Pernas e Bocas: merecemos mais civilização ao antinatural
O caso ficou conhecido como o da “garota da minissaia”. Também poderíamos dizer “a intolerância na Universidade”. Na mídia, podemos dar qualquer manchete, cada um de um jeito e para o gosto de todos. O fato é tão enigmático que não é compreendido por nossa lógica. A garota em fotos, vídeos e entrevistas; a garota mais exposta que suas pernas. A garota desesperada, os alunos histéricos. Tudo é tão cotidiano, que às vezes ignoramos os pequenos detalhes. Esse tipo de violência não é uma coisa nova, quem sabe mudou apenas o objeto. Numa sociedade que destrói a intimidade, nada mais normal que a audiência pública. Foi isso que todos viram.

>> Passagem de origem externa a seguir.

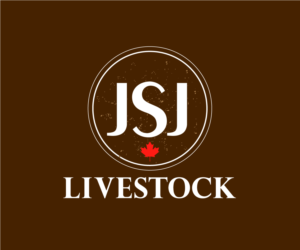Logo Design by Jay Design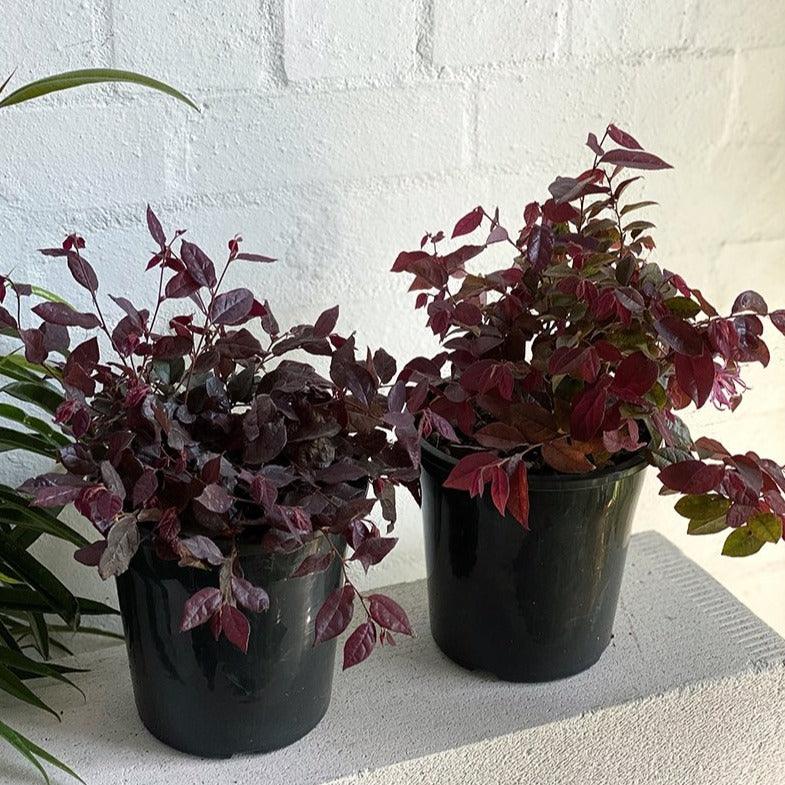 Chinese Fringe Flower (Loropetalum 'Purple Prince') - THE PLANT SOCIETY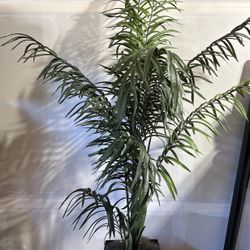Artificial Plant Used Indoor. 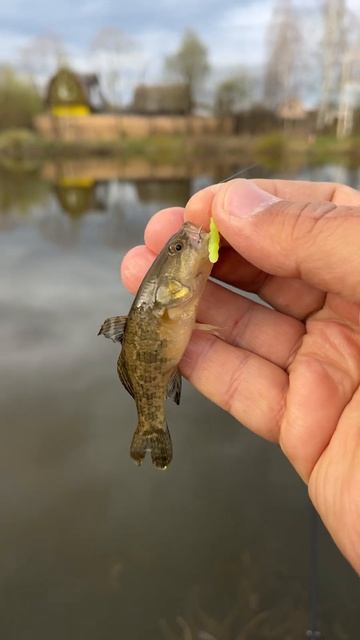 Рыбалка с мормышингом в апреле. Поймал первого в году ротана. Разловил ещё один цвет мотыля. смотреть онлайн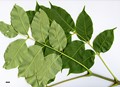 SpeciesSub: var. sachalinense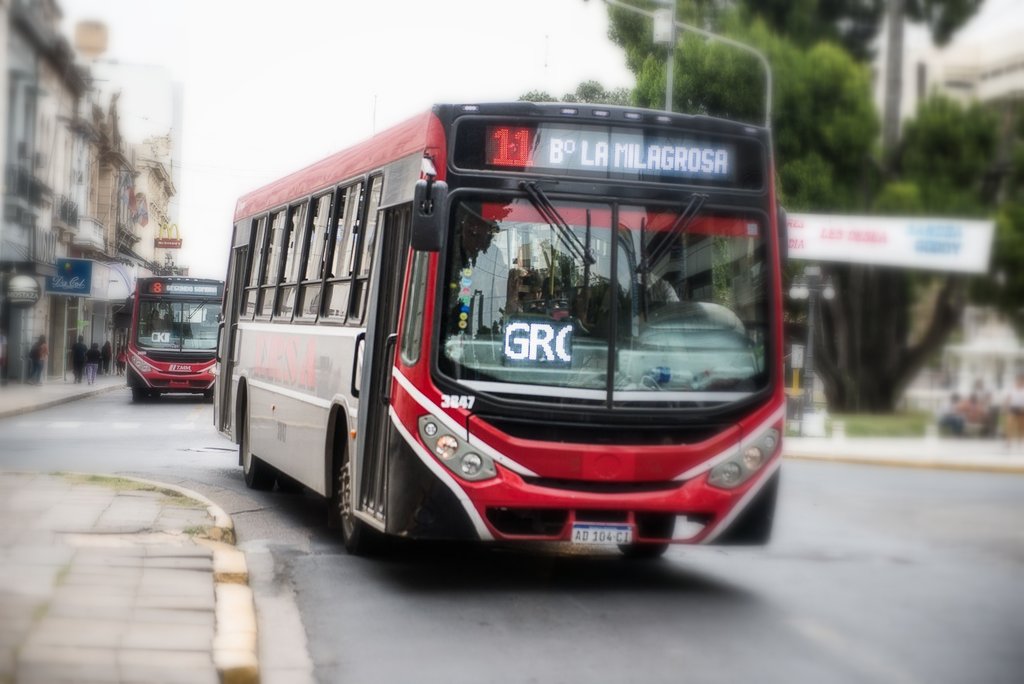 colectivos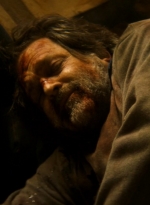ftwd203_2018.jpg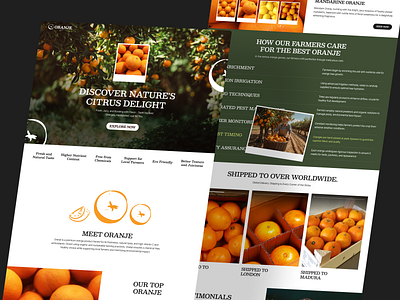 Oranje - Orange Distributor Landing Page brutalism distributor farm farming fruit garden gardening grocery juice landing page lime orange package ship shop ui design uiux web design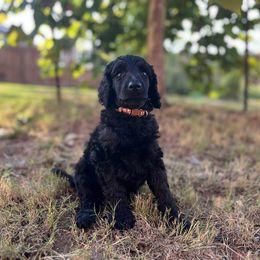 Poodle Puppies from Tyler Family Poodles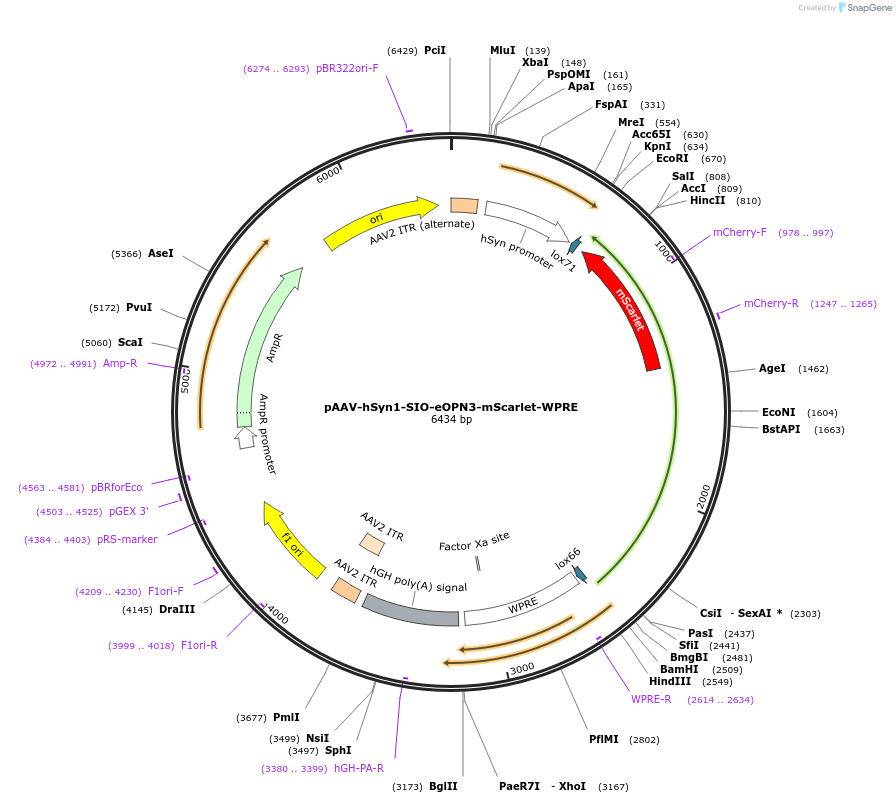 125713-plasmid-map-sequence-id-247207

Não se sabe muito sobre o caso, e os motivos aparentes também são ignorados: a versão que eu vi foi de uma garota sendo perseguida por centenas de estudantes, dentro de uma Universidade, pois ela estava usando uma roupa muito curta. Bom, se esse é o único motivo, podemos nos preparar, pois teremos uma guerra civil em breve: Nunca tivemos tantos peitos, bundas e pernas torneadas zanzando de lá para cá como agora. Nunca tivemos tantas questões sobre sensualidade e sexo jogadas na boca do povo como anedotas, cheias de preconceitos e visões distorcidas. “Nunca na história desse país”, tantas músicas que se dizem sensuais, mas são apenas despudoradas. Com essas atitudes vamos transformando os seres, e nem sempre para a evolução. Seria hora de pensarmos que andar nu é uma questão de tempo?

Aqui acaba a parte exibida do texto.